◆ **Information provided**
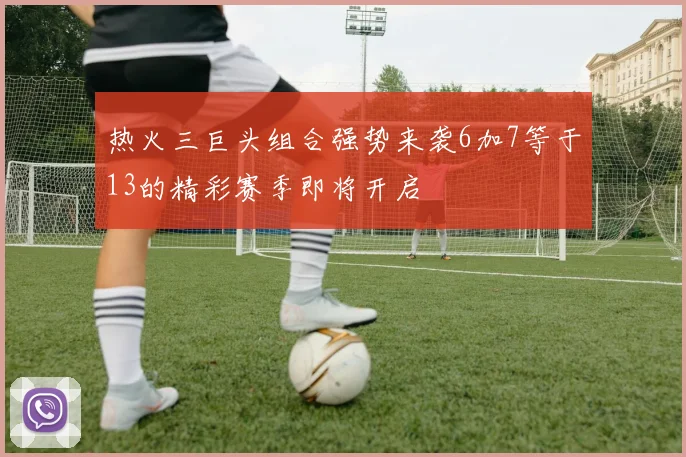 热火三巨头组合强势来袭6加7等于13的精彩赛季即将开启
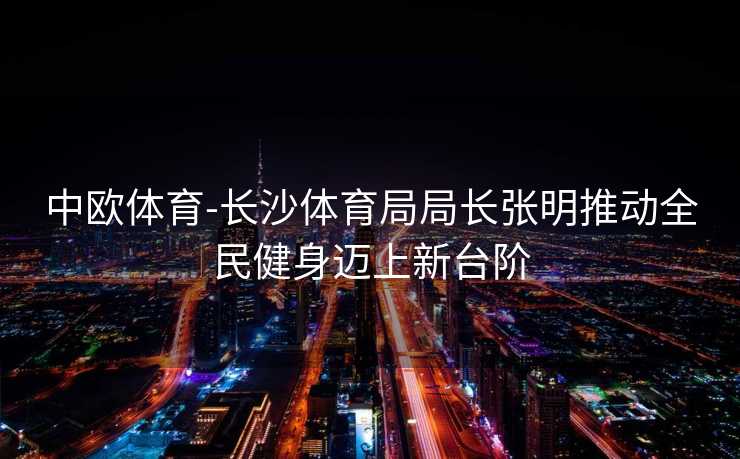 中欧体育-长沙体育局局长张明推动全民健身迈上新台阶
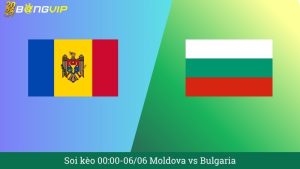 Soi kèo 00:00-06/06 Moldova vs Bulgaria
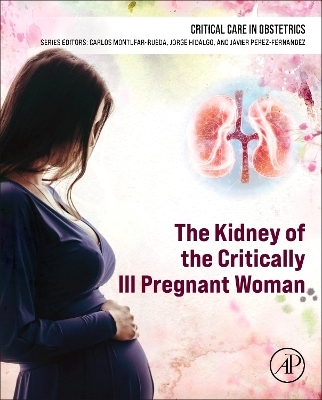 The Kidney of the Critically Ill Pregnant Woman -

◆ **What you have to do**
The required output is the span of lines from the line with "中欧体育-长沙体育局局长张明推动全民健身迈上新台阶" through the final line of the listing above, reproduced exactly, minus the pictures.

◆ **Solution for this problem**
 中欧体育-长沙体育局局长张明推动全民健身迈上新台阶
 Soi kèo 00:00-06/06 Moldova vs Bulgaria
 The Kidney of the Critically Ill Pregnant Woman -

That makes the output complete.